■ **What is needed**:
The result should be the line with "SMEG BG93GMBL Concert" followed by every remaining line of the entries, each reproduced exactly, with nothing else.

■ **Task inputs**:
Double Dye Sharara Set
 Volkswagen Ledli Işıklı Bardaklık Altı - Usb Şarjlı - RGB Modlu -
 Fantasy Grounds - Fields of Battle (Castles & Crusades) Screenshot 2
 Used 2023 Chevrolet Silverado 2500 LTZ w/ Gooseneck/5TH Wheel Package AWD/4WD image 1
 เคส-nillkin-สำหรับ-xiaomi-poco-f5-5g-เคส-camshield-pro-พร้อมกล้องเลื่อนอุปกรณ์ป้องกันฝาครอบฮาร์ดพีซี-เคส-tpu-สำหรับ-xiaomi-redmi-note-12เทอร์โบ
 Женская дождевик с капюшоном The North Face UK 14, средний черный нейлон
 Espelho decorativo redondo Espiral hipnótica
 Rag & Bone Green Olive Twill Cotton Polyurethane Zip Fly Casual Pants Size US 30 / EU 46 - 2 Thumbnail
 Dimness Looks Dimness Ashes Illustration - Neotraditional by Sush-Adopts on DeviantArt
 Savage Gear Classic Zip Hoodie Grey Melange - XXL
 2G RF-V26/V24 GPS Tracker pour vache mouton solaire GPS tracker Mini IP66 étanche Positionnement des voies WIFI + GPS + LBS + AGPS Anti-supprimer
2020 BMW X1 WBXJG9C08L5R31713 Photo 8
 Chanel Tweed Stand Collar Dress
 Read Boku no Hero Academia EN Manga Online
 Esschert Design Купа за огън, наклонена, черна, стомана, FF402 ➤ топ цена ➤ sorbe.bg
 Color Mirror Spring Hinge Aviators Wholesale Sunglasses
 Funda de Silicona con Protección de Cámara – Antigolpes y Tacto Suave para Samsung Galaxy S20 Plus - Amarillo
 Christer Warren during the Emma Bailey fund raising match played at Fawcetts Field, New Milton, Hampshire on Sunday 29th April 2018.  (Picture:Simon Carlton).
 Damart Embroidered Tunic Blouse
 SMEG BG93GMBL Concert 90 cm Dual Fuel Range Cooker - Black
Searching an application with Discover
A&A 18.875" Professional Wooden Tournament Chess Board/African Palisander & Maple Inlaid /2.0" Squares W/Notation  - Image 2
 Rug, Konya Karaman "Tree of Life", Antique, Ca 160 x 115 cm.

■ **Answer space**:
 SMEG BG93GMBL Concert 90 cm Dual Fuel Range Cooker - Black
Searching an application with Discover
A&A 18.875" Professional Wooden Tournament Chess Board/African Palisander & Maple Inlaid /2.0" Squares W/Notation  - Image 2
 Rug, Konya Karaman "Tree of Life", Antique, Ca 160 x 115 cm.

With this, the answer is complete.